Brokers’ internal order matching systems came under heavy criticism by exchange officials and money managers during a market structure discussion held online last week by the Investment Company Institute.
Conference participants took aim at a host of ills allegedly brought on by dark pools, including harming the price discovery process, information leakage, a lack of information about fees, and a low level of price improvement.
Most of the criticism came from executives at exchanges that compete with broker dark pools, but representatives from the buyside vented as well.
“There needs to be a level playing field between the exchanges and the exchange-like institutions,” Matt Lyons, global trading manager at Capital Research and Management Company, said at the Web-based conference. “There need to be fee disclosures so you understand the incentives behind why people may be interacting with the exchange-like vehicles.”
With one exception, dark pool operators do not publish their fees. Neither do brokers educate their clients about the reasons behind their routing decisions nor the sizes of the fees they pay or receive. The only exception is Citadel Securities, which disclosed its fee structure for its Apogee dark pool.
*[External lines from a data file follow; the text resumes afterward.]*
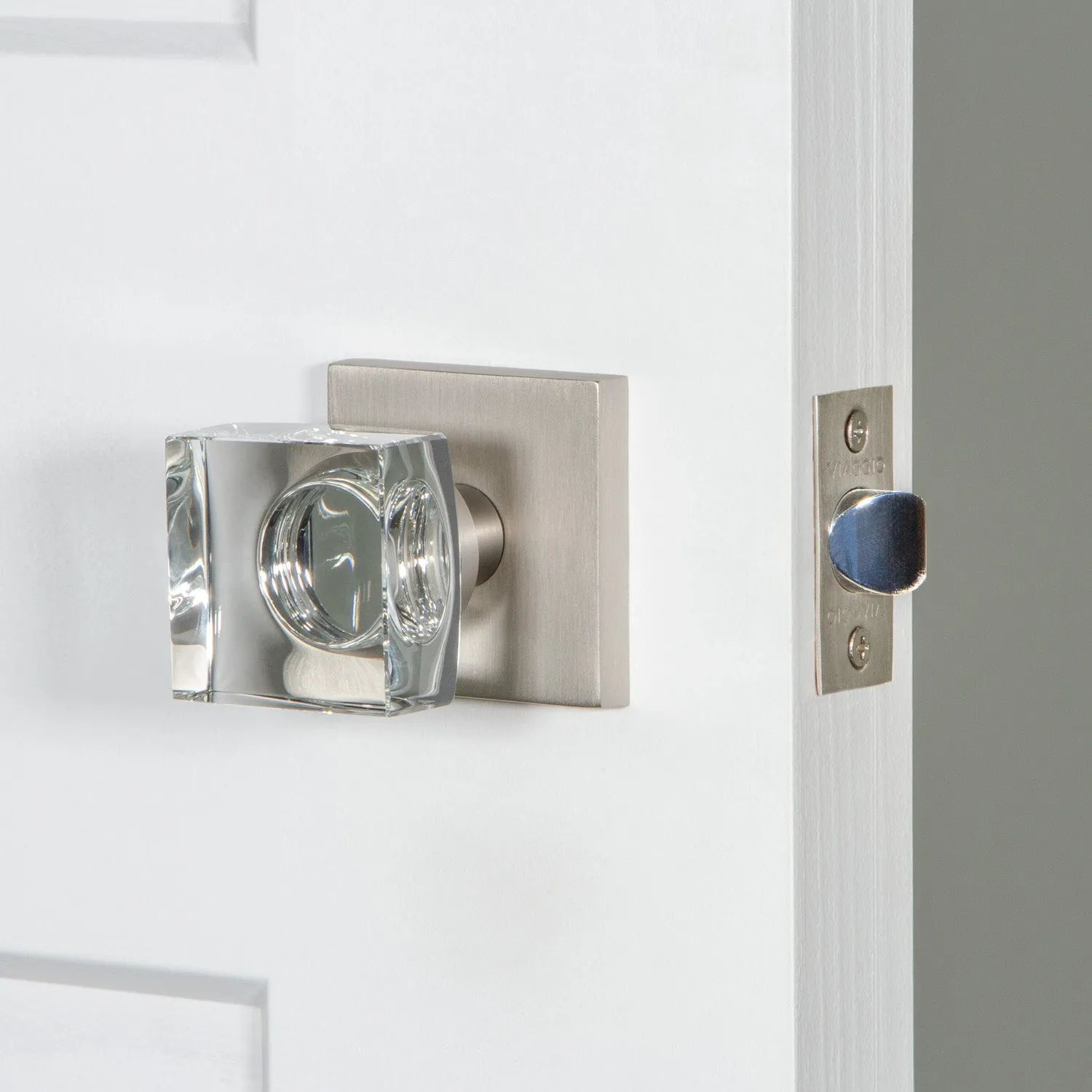 Quadrato Rosette with Quadrato Crystal Knob in Satin Nickel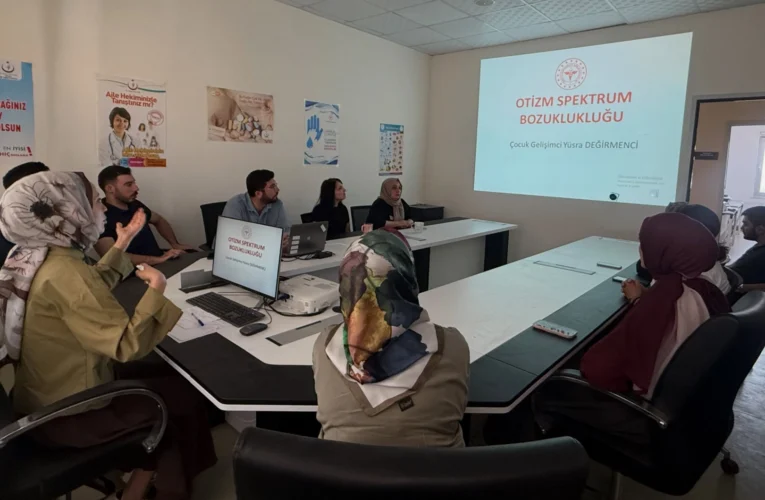 Kozluk’ta sağlık okuryazarlığını artırmaya yönelik eğitimler düzenlendi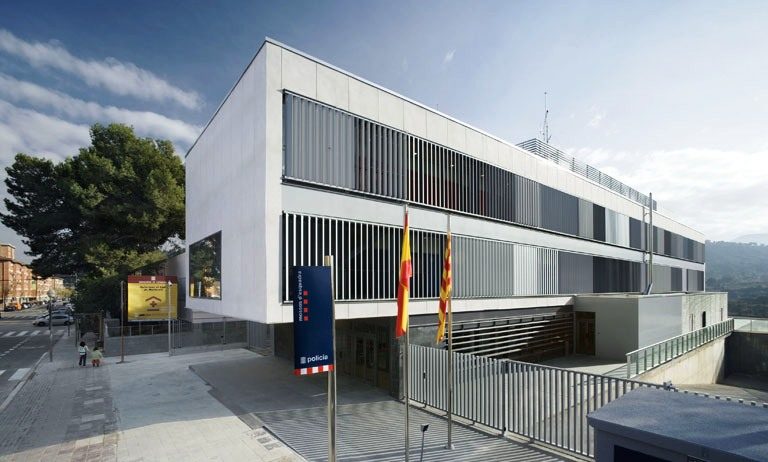 Detingut in fraganti després de cometre dos robatoris amb violència i intimidació a Martorell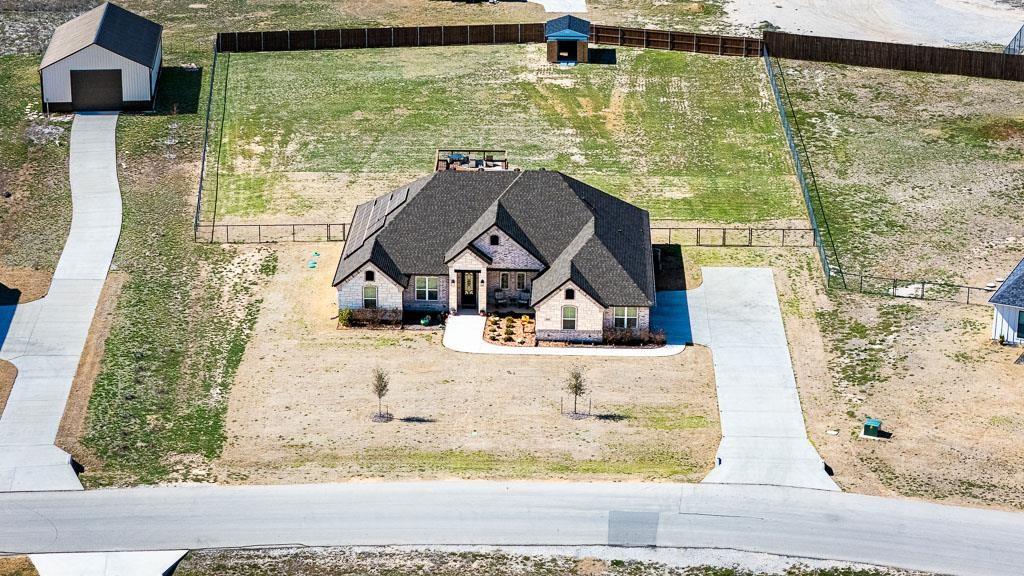 Weatherford, Texas 76087, United States, 4 Bedrooms Bedrooms, ,3 BathroomsBathrooms,Residential,Active,200004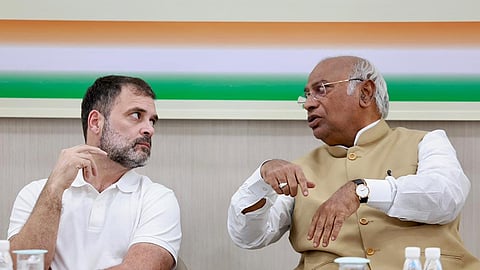 राहुल गांधी, खड़गे
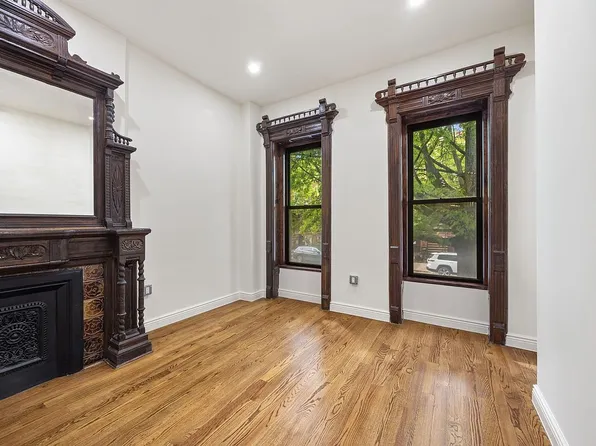437 Putnam Ave APT 2, Brooklyn, NY 11221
Dark pool conflicts of interest aren’t limited to opaque pricing, according to Eric Noll, Nasdaq OMX Group’s head of transaction services in the U.S. “The main driver of the creation of many, many dark pools was to limit information leakage,” Noll said at the webinar. “But we find dark pools are no longer protecting information.”
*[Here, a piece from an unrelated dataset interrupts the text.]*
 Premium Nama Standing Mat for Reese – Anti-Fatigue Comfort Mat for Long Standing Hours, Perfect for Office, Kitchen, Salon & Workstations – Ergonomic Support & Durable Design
Noll explained that a “subset” of dark pool users was obtaining information by interacting with orders in dark pools and then using that information to make a trading profit in the broader market. Noll’s charges are not new, and are typically leveled against so-called high-frequency trading firms.
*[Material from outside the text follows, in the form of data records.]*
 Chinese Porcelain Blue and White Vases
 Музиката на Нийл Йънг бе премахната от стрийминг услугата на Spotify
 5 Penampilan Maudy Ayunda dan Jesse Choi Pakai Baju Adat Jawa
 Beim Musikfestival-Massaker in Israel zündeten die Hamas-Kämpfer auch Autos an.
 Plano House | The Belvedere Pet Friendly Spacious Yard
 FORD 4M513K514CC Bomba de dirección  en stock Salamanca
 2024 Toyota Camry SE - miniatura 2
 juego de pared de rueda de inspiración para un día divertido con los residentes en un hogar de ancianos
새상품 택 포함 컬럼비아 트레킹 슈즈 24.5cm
Comments from Bill O’Brien, chief executive at exchange operator Direct Edge, echoed those of Noll and Lyons. “Exchanges are not always the best place to execute,” O’Brien said, “but the buyside has to accept that dark pools are much less regulated than exchanges and less transparent in their practices.”
The issue of information leakage from dark pools came to a head in the past year as two dark pool operators—Pipeline Trading and Level ATS—were fined by the Securities and Exchange Commission. The regulator charged the two pool operators with failing to disclose to their customers that the details of their orders were not kept exclusively within the pools.